The European Banking Authority (EBA) is planning to revise capital requirement frameworks mandating banks to include environmental and social risks,

In a report, EBA chairman Jose Manuel Campa stated that the EBA has identified some immediate solutions to minimum requirements or Pillar 1.

Other changes will be introduced gradually, he said, and a few will necessitate new legislation as outlined in the EBA’s recently published report.

For banks, the regime means they will have to review default and loss probabilities, as well as the risk weights that go into determining how much capital they set aside for each client account.

Moreover, banks and regulators must revaluate collateral values, incorporate environmental risks in trading book risk limits, internal trading boundaries, and new product development.

They will also have to ensure external credit assessments account for environmental and social factors as credit risk drivers.

The development may have major implications for high-emitting sectors such as oil, gas, cement, steel and mining.

Up to this point, regulators mainly focused on bank disclosure and individual bank-specific risks or Pillar 2 because they lacked enough data and methods to assess environmental, social and governance (ESG) risks across the sector.

The objective is to address the growing concerns among regulators regarding threats to financial stability posed by ESG factors such as climate change and inequality.

The proposals have not been welcomed by everyone.

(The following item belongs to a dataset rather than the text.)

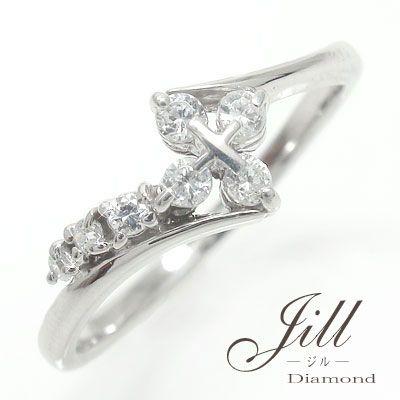 リング 婚約指輪 ダイヤモンドリング 指輪 10金 クロス エンゲージリング レディース 2023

In response to the EBA’s consultation last year, the European Banking Federation (EBF) disagreed with using Pillar 1 to tackle climate risks, contending that capital assessments should accommodate variations in bank balance sheets.

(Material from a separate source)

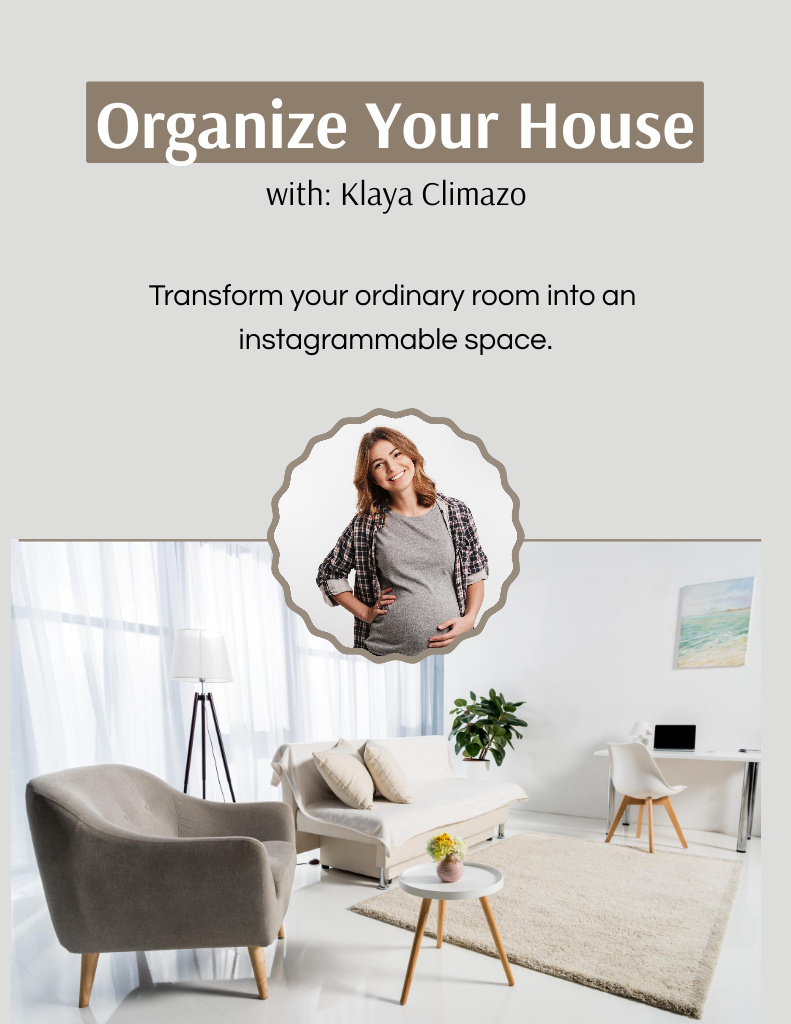 Tips for Organizing House with Light Living Room Flyer 8.5x11inデザインテンプレート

The main worry, according to the EBF, is the lack of adequate data to justify imposing Pillar 1 ESG adjustments, rather than so-called Pillar 2 rules, which are specific to individual banks.

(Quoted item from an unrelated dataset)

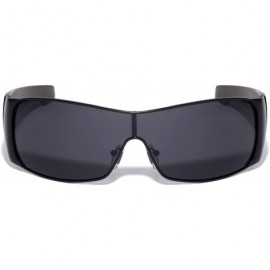 Shield Polarized Texture Checkers Temple Curved One Piece Shield Lens Sunglasses - Black - C7190UWRI37 $34.95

The EBA has rejected an industry call for lower capital requirements to encourage lending to companies that invest in technologies to address climate change, or penalties for exposures to heavy polluters.

It said such a factor could mask risks, leaving banks without the necessary buffers and compromising “the reliability of capital requirements as indicators of risk,” the authority said.

Campa said the new ESG requirements are “very concrete.” However, they won’t have the same impact on capital ratios as the so-called Basel III rules that followed the financial crisis of 2008, he said.

For now, the new ESG buffer rules aren’t “going to lead to a significant, discrete increase in the short term,” Campa said.

That’s partly because models for estimating the fallout of climate change, environmental degradation and inequality are in their infancy, compared with conventional risk management tools that have been built on historical data.

“There are a lot of areas that we need to understand better,” Campa said. “One thing that is interesting that we capture in this report — and it’s important for people to realize — is that as you think about regulation, we need to think differently about the methods that we have to assess this risk.”